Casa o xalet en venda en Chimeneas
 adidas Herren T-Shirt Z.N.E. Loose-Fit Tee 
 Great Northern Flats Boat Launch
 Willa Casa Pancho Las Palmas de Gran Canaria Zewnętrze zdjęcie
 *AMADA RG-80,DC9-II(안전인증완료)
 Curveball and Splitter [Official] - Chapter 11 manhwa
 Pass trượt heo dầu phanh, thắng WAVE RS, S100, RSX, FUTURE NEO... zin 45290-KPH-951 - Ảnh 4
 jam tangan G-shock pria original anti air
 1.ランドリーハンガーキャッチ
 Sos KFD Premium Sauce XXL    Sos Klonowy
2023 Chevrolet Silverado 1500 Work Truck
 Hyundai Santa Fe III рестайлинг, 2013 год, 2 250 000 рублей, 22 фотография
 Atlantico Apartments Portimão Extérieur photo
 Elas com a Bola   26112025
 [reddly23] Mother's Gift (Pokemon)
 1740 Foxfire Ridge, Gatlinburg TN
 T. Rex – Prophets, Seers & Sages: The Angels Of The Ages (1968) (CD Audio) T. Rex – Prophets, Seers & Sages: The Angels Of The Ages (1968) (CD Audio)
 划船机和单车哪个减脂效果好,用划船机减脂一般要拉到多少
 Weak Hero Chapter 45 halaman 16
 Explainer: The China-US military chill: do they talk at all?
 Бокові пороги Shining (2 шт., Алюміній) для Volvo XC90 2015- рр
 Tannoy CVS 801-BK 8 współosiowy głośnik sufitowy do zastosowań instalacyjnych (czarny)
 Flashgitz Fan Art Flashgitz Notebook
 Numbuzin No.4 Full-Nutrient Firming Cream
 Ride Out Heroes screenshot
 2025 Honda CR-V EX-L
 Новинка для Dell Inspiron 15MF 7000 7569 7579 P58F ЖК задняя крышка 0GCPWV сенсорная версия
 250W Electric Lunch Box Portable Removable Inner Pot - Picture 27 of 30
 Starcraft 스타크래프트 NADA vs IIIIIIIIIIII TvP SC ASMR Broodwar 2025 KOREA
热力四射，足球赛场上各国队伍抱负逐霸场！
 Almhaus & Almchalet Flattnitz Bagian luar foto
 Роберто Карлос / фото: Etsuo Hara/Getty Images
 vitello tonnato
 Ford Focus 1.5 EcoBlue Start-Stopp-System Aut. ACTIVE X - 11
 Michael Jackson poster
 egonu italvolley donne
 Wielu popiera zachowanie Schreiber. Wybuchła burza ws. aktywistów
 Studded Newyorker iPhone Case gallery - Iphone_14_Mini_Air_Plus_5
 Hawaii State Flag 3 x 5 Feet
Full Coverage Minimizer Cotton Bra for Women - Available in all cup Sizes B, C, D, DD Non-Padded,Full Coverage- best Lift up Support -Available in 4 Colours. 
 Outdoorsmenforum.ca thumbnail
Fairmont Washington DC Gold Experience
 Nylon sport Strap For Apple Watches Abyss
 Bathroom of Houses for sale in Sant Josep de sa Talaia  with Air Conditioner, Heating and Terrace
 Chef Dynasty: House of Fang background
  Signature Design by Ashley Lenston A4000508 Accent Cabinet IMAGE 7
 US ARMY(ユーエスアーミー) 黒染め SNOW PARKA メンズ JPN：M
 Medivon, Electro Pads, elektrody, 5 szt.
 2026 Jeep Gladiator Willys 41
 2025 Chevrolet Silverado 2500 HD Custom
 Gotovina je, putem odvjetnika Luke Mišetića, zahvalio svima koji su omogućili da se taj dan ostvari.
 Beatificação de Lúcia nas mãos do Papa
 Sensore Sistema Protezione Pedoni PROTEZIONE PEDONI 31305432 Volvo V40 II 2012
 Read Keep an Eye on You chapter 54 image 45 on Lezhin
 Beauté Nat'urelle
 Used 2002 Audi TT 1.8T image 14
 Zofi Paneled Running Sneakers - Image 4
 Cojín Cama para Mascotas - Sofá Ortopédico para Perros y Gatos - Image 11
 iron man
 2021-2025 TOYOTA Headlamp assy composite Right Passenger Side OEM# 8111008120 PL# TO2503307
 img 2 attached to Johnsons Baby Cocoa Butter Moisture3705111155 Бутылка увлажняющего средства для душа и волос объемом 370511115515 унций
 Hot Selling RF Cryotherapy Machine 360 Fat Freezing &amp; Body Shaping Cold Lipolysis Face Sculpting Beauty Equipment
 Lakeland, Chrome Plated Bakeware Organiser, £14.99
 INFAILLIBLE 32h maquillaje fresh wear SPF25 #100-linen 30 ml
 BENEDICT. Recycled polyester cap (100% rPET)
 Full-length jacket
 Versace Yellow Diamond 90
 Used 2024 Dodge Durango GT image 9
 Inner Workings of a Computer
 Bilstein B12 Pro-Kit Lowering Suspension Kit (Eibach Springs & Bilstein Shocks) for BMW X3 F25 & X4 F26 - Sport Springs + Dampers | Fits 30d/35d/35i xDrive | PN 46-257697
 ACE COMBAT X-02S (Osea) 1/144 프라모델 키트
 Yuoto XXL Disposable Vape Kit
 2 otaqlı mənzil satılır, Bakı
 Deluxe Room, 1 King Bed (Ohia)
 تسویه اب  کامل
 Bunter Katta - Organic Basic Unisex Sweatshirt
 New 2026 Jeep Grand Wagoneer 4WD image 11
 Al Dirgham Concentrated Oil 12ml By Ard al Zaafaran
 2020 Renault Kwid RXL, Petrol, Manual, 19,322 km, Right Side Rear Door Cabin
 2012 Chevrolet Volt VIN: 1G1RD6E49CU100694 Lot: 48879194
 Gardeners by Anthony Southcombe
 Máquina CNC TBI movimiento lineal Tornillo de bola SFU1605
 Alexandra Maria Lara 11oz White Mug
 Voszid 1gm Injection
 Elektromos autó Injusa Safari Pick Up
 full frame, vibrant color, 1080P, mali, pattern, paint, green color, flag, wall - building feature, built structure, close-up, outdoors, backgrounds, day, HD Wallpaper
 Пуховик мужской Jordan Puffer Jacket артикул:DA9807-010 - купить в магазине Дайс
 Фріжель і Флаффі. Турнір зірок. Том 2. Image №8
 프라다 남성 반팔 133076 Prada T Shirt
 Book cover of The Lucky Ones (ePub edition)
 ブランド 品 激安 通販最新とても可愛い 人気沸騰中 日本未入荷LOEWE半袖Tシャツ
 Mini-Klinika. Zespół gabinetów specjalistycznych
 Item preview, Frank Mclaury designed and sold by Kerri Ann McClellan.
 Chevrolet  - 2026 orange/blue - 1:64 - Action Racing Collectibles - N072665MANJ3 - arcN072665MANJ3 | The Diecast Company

• _Task item_:
All of the data, start to finish: please output it exactly.

• _Solved exercise_:
Casa o xalet en venda en Chimeneas
 adidas Herren T-Shirt Z.N.E. Loose-Fit Tee 
 Great Northern Flats Boat Launch
 Willa Casa Pancho Las Palmas de Gran Canaria Zewnętrze zdjęcie
 *AMADA RG-80,DC9-II(안전인증완료)
 Curveball and Splitter [Official] - Chapter 11 manhwa
 Pass trượt heo dầu phanh, thắng WAVE RS, S100, RSX, FUTURE NEO... zin 45290-KPH-951 - Ảnh 4
 jam tangan G-shock pria original anti air
 1.ランドリーハンガーキャッチ
 Sos KFD Premium Sauce XXL    Sos Klonowy
2023 Chevrolet Silverado 1500 Work Truck
 Hyundai Santa Fe III рестайлинг, 2013 год, 2 250 000 рублей, 22 фотография
 Atlantico Apartments Portimão Extérieur photo
 Elas com a Bola   26112025
 [reddly23] Mother's Gift (Pokemon)
 1740 Foxfire Ridge, Gatlinburg TN
 T. Rex – Prophets, Seers & Sages: The Angels Of The Ages (1968) (CD Audio) T. Rex – Prophets, Seers & Sages: The Angels Of The Ages (1968) (CD Audio)
 划船机和单车哪个减脂效果好,用划船机减脂一般要拉到多少
 Weak Hero Chapter 45 halaman 16
 Explainer: The China-US military chill: do they talk at all?
 Бокові пороги Shining (2 шт., Алюміній) для Volvo XC90 2015- рр
 Tannoy CVS 801-BK 8 współosiowy głośnik sufitowy do zastosowań instalacyjnych (czarny)
 Flashgitz Fan Art Flashgitz Notebook
 Numbuzin No.4 Full-Nutrient Firming Cream
 Ride Out Heroes screenshot
 2025 Honda CR-V EX-L
 Новинка для Dell Inspiron 15MF 7000 7569 7579 P58F ЖК задняя крышка 0GCPWV сенсорная версия
 250W Electric Lunch Box Portable Removable Inner Pot - Picture 27 of 30
 Starcraft 스타크래프트 NADA vs IIIIIIIIIIII TvP SC ASMR Broodwar 2025 KOREA
热力四射，足球赛场上各国队伍抱负逐霸场！
 Almhaus & Almchalet Flattnitz Bagian luar foto
 Роберто Карлос / фото: Etsuo Hara/Getty Images
 vitello tonnato
 Ford Focus 1.5 EcoBlue Start-Stopp-System Aut. ACTIVE X - 11
 Michael Jackson poster
 egonu italvolley donne
 Wielu popiera zachowanie Schreiber. Wybuchła burza ws. aktywistów
 Studded Newyorker iPhone Case gallery - Iphone_14_Mini_Air_Plus_5
 Hawaii State Flag 3 x 5 Feet
Full Coverage Minimizer Cotton Bra for Women - Available in all cup Sizes B, C, D, DD Non-Padded,Full Coverage- best Lift up Support -Available in 4 Colours. 
 Outdoorsmenforum.ca thumbnail
Fairmont Washington DC Gold Experience
 Nylon sport Strap For Apple Watches Abyss
 Bathroom of Houses for sale in Sant Josep de sa Talaia  with Air Conditioner, Heating and Terrace
 Chef Dynasty: House of Fang background
  Signature Design by Ashley Lenston A4000508 Accent Cabinet IMAGE 7
 US ARMY(ユーエスアーミー) 黒染め SNOW PARKA メンズ JPN：M
 Medivon, Electro Pads, elektrody, 5 szt.
 2026 Jeep Gladiator Willys 41
 2025 Chevrolet Silverado 2500 HD Custom
 Gotovina je, putem odvjetnika Luke Mišetića, zahvalio svima koji su omogućili da se taj dan ostvari.
 Beatificação de Lúcia nas mãos do Papa
 Sensore Sistema Protezione Pedoni PROTEZIONE PEDONI 31305432 Volvo V40 II 2012
 Read Keep an Eye on You chapter 54 image 45 on Lezhin
 Beauté Nat'urelle
 Used 2002 Audi TT 1.8T image 14
 Zofi Paneled Running Sneakers - Image 4
 Cojín Cama para Mascotas - Sofá Ortopédico para Perros y Gatos - Image 11
 iron man
 2021-2025 TOYOTA Headlamp assy composite Right Passenger Side OEM# 8111008120 PL# TO2503307
 img 2 attached to Johnsons Baby Cocoa Butter Moisture3705111155 Бутылка увлажняющего средства для душа и волос объемом 370511115515 унций
 Hot Selling RF Cryotherapy Machine 360 Fat Freezing &amp; Body Shaping Cold Lipolysis Face Sculpting Beauty Equipment
 Lakeland, Chrome Plated Bakeware Organiser, £14.99
 INFAILLIBLE 32h maquillaje fresh wear SPF25 #100-linen 30 ml
 BENEDICT. Recycled polyester cap (100% rPET)
 Full-length jacket
 Versace Yellow Diamond 90
 Used 2024 Dodge Durango GT image 9
 Inner Workings of a Computer
 Bilstein B12 Pro-Kit Lowering Suspension Kit (Eibach Springs & Bilstein Shocks) for BMW X3 F25 & X4 F26 - Sport Springs + Dampers | Fits 30d/35d/35i xDrive | PN 46-257697
 ACE COMBAT X-02S (Osea) 1/144 프라모델 키트
 Yuoto XXL Disposable Vape Kit
 2 otaqlı mənzil satılır, Bakı
 Deluxe Room, 1 King Bed (Ohia)
 تسویه اب  کامل
 Bunter Katta - Organic Basic Unisex Sweatshirt
 New 2026 Jeep Grand Wagoneer 4WD image 11
 Al Dirgham Concentrated Oil 12ml By Ard al Zaafaran
 2020 Renault Kwid RXL, Petrol, Manual, 19,322 km, Right Side Rear Door Cabin
 2012 Chevrolet Volt VIN: 1G1RD6E49CU100694 Lot: 48879194
 Gardeners by Anthony Southcombe
 Máquina CNC TBI movimiento lineal Tornillo de bola SFU1605
 Alexandra Maria Lara 11oz White Mug
 Voszid 1gm Injection
 Elektromos autó Injusa Safari Pick Up
 full frame, vibrant color, 1080P, mali, pattern, paint, green color, flag, wall - building feature, built structure, close-up, outdoors, backgrounds, day, HD Wallpaper
 Пуховик мужской Jordan Puffer Jacket артикул:DA9807-010 - купить в магазине Дайс
 Фріжель і Флаффі. Турнір зірок. Том 2. Image №8
 프라다 남성 반팔 133076 Prada T Shirt
 Book cover of The Lucky Ones (ePub edition)
 ブランド 品 激安 通販最新とても可愛い 人気沸騰中 日本未入荷LOEWE半袖Tシャツ
 Mini-Klinika. Zespół gabinetów specjalistycznych
 Item preview, Frank Mclaury designed and sold by Kerri Ann McClellan.
 Chevrolet  - 2026 orange/blue - 1:64 - Action Racing Collectibles - N072665MANJ3 - arcN072665MANJ3 | The Diecast Company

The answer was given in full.